Former coach Jim Leavitt once anointed Sam Barrington as the best true freshman linebacker in USF history.
Just imagine what he can do as a sophomore.
“I think he has a chance to be a really good linebacker,” said defensive coordinator Mark Snyder, who’s in his first season at USF. “He’s long. He can run. He’s got good ball skills. He’s smart. He’s what you’re looking for in a MIKE.”
Barrington seems to be the next talent in line at middle linebacker for USF, following the likes of Kion Wilson, Tyrone McKenzie and Ben Moffitt – all of whom had big careers.
Barrington, however, has one goal in mind, and that doesn’t include an agenda to fulfill anyone’s expectations.
“To be honest … my personal goals are the team goals,” he said. “As a player, I always strive to get better, but I have no personal goals aside from the team goals.”
Barrington’s talent kicked in last season, when he had one of the best seasons a freshman linebacker has ever had at USF. He played in every game, finished with 41 tackles as a backup and was named to the All-Big East Freshman Team by ESPN.com.
“I never met a freshman who’s been able to adjust to the Division I environment as fast as he did – just (the way he) runs and works hard,” said senior linebacker Jacquian Williams. “He did stuff sophomores and juniors do.”
But Barrington, who suffered a minor shoulder injury recently, is adjusting all over again with the rest of his teammates.
“I think he’s challenged right now,” said coach Skip Holtz. “He’s learning a new defense and wasn’t able to practice for the first four or five days.

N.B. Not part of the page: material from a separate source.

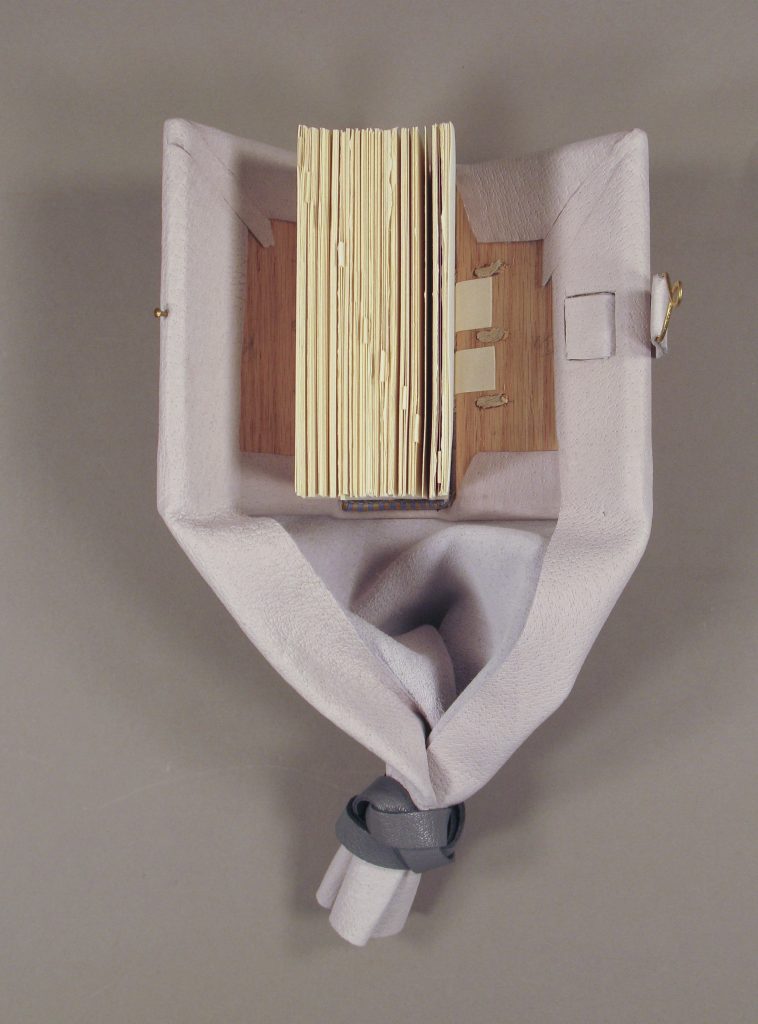 Girdle book model, open. Made by Whitney Baker.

He’s in it. He’s really into it. He’s got a great attitude and is working really hard right now … He’s obviously a bit rusty, but he’ll knock that off.”
Still, Barrington is listed as the No. 1 middle linebacker on the depth chart. He said following in the footsteps of great middle linebackers can serve as motivation. Though only a sophomore, he said in his position, he may have no choice but to be a great player.
“If things fall down, sometimes people look directly at you,” he said of the middle linebacker position. “If you have a run blast up the middle for 45 yards, people are going to look at you. You have to set that leadership role. If you don’t, you’re going to get that run 40 yards up the middle.”
To help fill the role, Barrington said his goal was to gain a few pounds during the offseason.
Last year, he played at about 219 (pounds), and at some points, he said he felt “skinny.”
Barrington currently weighs 226 and “feels good.”
“You don’t want to get thrown around,” he said. “I’m not saying I got thrown around last year, but you always want to carry that weight and carry it well.”
Barrington said the rest of his game will come naturally.
“Any good player in any program … they all carry the same characteristics,” he said. “That’s effort, the things that don’t even take talent – just hard work. When I come out onto the field, that’s what I’m going to push toward. I’ll carry on if my talent kicks in.”